Hunter reddened. “Miss Walker, did you notice anything unusual in Larry Moody’s apparent attitude toward Sarah Cole?”
“Well, he stared at her the whole time, like he was hungry for her.”
“Objection,” Will said.
“Sustained.” The Judge turned to the woman. “Miss Walker, you may testify only to those things of which you have knowledge.”
“Yes, sir,” she said.
“Miss Walker,” Hunter went on, “did Larry Moody smile at Sarah Cole?”
“Yes, sir.”
“What sort of a smile was it?”
“Objection. Is the witness an expert on smiles?”
“I will rephrase, Your Honor. Miss Walker, did Larry Moody smile at Sarah Cole in a manner you felt was proper for a furnace repairman toward his customer?”
“No, sir. I felt it was not proper.”
“In what way?”
“It was kind of a leer, sort of a street-corner leer, that you might see when a man is ogling a woman.”
“Larry Moody was, in your opinion, ogling Sarah Cole?”
“Yes.”
“For how long?”
“During the whole time Sarah was in the room.” “When Larry Moody left the premises, did Sarah Cole comment o
n this ogling?”
“Well, I said to her, ‘Jesus, what a creep … ”’
There were chuckles in the courtroom.
“ … and she said, ‘Don’t worry. He didn’t bother me.’ ”
“When did you last see Sarah Cole that day?”
“When she left the Center, about six o’clock. I stayed on to finish up some typing.”
“And how did Miss Cole leave? Was she driving?”
“She usually did, but that day her car was in the shop, so she walked. It was only about a mile to her house.”
“And did you ever see Sarah Cole again?”
“No,” the young woman said, her voice trembling. “She was murdered before she could get home.”
Hunter turned to Will. “Your witness,” he said.
Will walked from behind the table and stood a few feet in front of the witness, his hands folded in front of him.
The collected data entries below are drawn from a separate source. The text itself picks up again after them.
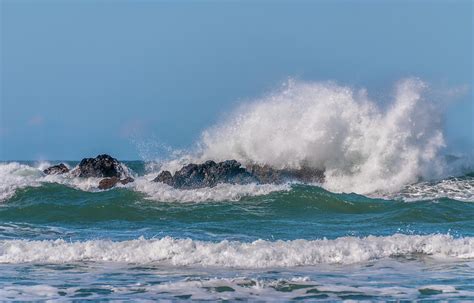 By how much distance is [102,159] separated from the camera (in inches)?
826

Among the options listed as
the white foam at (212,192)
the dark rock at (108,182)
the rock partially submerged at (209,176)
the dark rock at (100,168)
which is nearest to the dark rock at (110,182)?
the dark rock at (108,182)

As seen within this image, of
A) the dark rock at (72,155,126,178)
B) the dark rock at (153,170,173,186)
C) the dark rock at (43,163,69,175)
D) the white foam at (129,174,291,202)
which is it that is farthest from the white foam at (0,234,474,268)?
the dark rock at (43,163,69,175)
He gave her a moment to compose herself; then he smiled in a friendly way. “Good morning, Miss Walker,” he said.
The young woman said nothing, but watched him warily.
“Miss Walker, had you known Sarah Cole for long?”
“Yes, for about two years. That was how long I worked at the Center.”
“Was Sarah Cole an attractive woman?”
“Oh, yes, very attractive.”
“Attractive to men?”
“Yes, she was.”
“Were you ever with Miss Cole in the company of men?”
“Yes, lots of times, at the Center and after work, at parties, and so on.”
“Did the men at the parties and at work seem to find Miss Cole attractive?”
“Yes. Like I said, she was extremely attractive.”
“Were any of the men on these occasions white?”
“Sometimes.”
“Did they find Miss Cole attractive?”
“Yes, I suppose so.”
“So, to sum up, Sarah Cole was an extremely attractive woman, one that any ordinary, normal man might find attractive?”
“Yes, she was.”
“Then was it in any way unusual that Larry Moody, here, a healthy, normal fellow, would find Sarah Cole attractive?”
“No,” the young woman said quietly, knowing she was trapped.